Tuesday, June 3, 2008

Linked: hunting license sales and ... food?

Good news, and good press: The Sacramento Bee reports today that the number of hunting and fishing licenses sold in California has risen for the second straight year. It's the first time since 1990 that sales have increased two years in a row, so that's pretty cool.

Not only is the story fair - always a good thing - but its exploration of reasons for the trend covers a couple of my favorites. One is the possibility that the increase is attributable at least in part to the rising number of female hunters. Thank you, thank you very much! Yes, I was part of this two-year trend.

The other one I really like covers one of the main reasons I hunt: food.

Here's what reporter Matt Weiser had to say:

The increase may also reflect a trickle-down effect from the organic food movement.

An offshoot is the "eat local" trend, in which consumers are rejecting foods made in far-flung factories. Instead, they seek health benefits and a smaller environmental footprint by buying food raised in their own region.

"When you see a culinary trend like that, those who have been associated with hunting or fishing say, 'I can go get me some of that'," said Sonke Mastrup, Fish and Game deputy director. "It adds to the allure or prestige. Not only are you serving wild game to your friends, but it's game you got yourself."

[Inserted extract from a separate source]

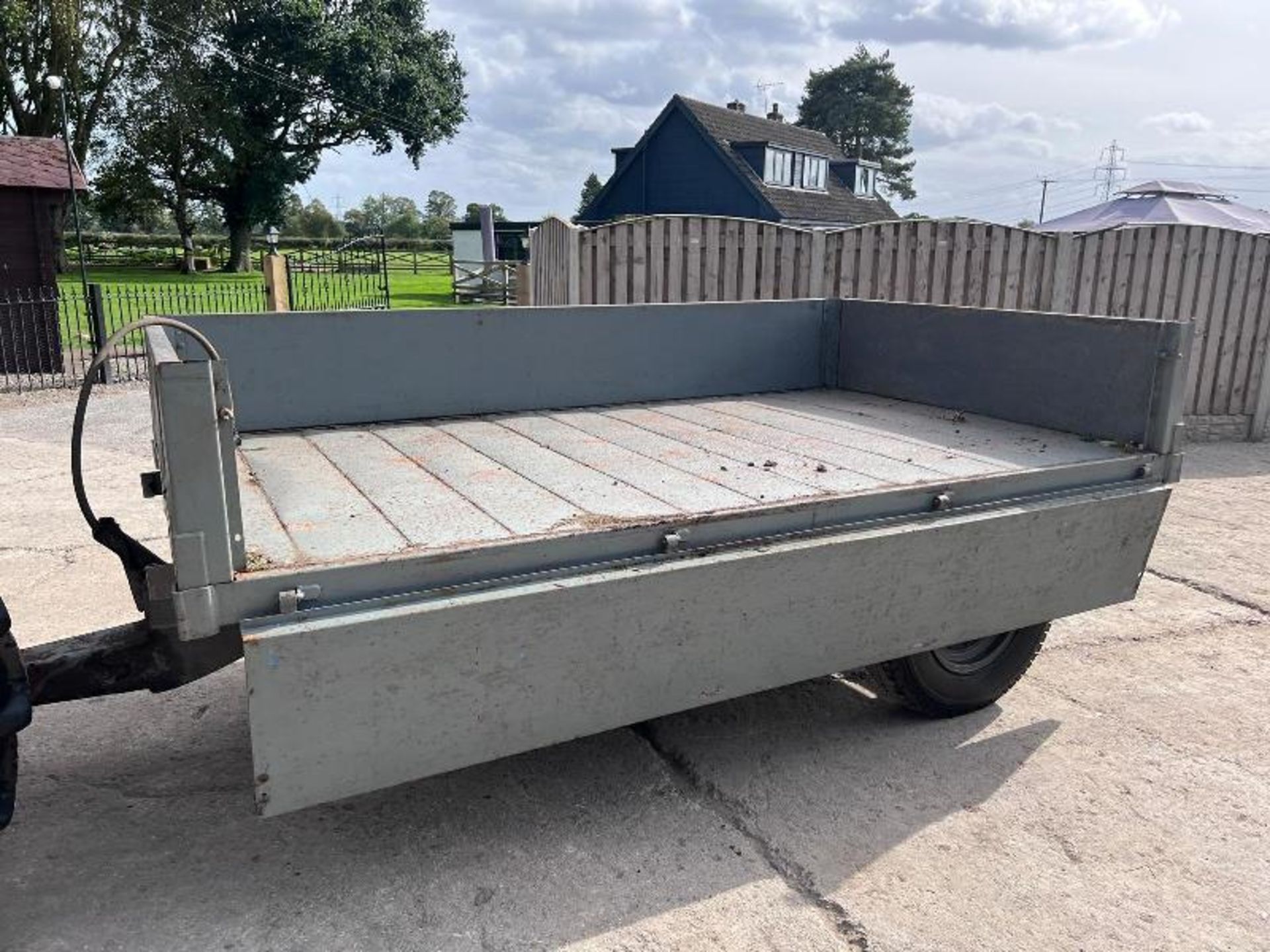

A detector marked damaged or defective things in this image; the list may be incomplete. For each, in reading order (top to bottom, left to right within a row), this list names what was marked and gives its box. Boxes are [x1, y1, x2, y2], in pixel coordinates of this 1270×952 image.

crack in concrete [1143, 566, 1270, 619]
crack in concrete [630, 726, 868, 949]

He goes on to talk about the book, Omnivore's Dilemma, and its influence on American food culture.

I tell you, this is very real. When Boyfriend and I throw parties and he puts out his immaculate spread of smoked, cured and other game meats, not one person comes away without trying and liking at least a few bites. And yes, many vegetarians have left our house with meat stuck in their teeth. Hee hee hee...

So, cheers to the Bee for a good story, cheers to California for the good news, and cheers to all the good food we go out and get for ourselves.

Of course, if the trend keeps up, the quest for that food is going to get a LOT more competitive. But if that's the price we have to pay to ensure hunting isn't driven extinct by misguided, naive and well-funded people, then so be it.

6 comments:

Jesse's Hunting & Outdoors said...

Fried up some wild turkey breast chunks last weekend from our farm in Mizzurah. Dipped them in some special bourbonized BBQ sauce, some dayum good eatin.

Folks claim the store bought birds are pumped fill of juice to make them nice and fat and that wild meat is better for ya. After dumping blue chemical coated corn out of that turkey's crop I wonder which one is really the better eating. Or safer eating?

Blessed said...

So be it indeed! However, I wonder if more interest in hunting will help protect the lands that we hunt on by making more people vocal about keeping those wild areas wild.

This is great news - especially coming from someplace like Sacramento.

SimplyOutdoors said...

I am completely shocked and pleasantly surprised by this story, especially since it came out of Sacremento.

I hope it does create more drive for people to want to protect land.

Very cool news!

NorCal Cazadora said...

Blessed and Simply, that's my hope. More people hunting means more people pushing to preserve habitat and strengthening species.

And JHO, you definitely have a point - I can never know if my game meat is tainted by pesticide-coated food, especially that I hunt ducks primarily in rice-growing country. But I do know that most game animals eat more than farm food, and their meat is more flavorful, and they haven't been injected with any drugs, and they lived better lives than farm animals. At this point, I'll take what I can get.

Tom Sorenson said...

That's great! Always nice to see a well written and informative - and even FAIR - article on hunting in a big city newspaper. I respect and congratulate Matt Weiser.

NorCal Cazadora said...

The Bee has been really good - it's been quite some time since I've seen something negative. I know their editorial page editor was sure pleased to have my perspective in their paper, so there's definitely not an institutional bias against hunting.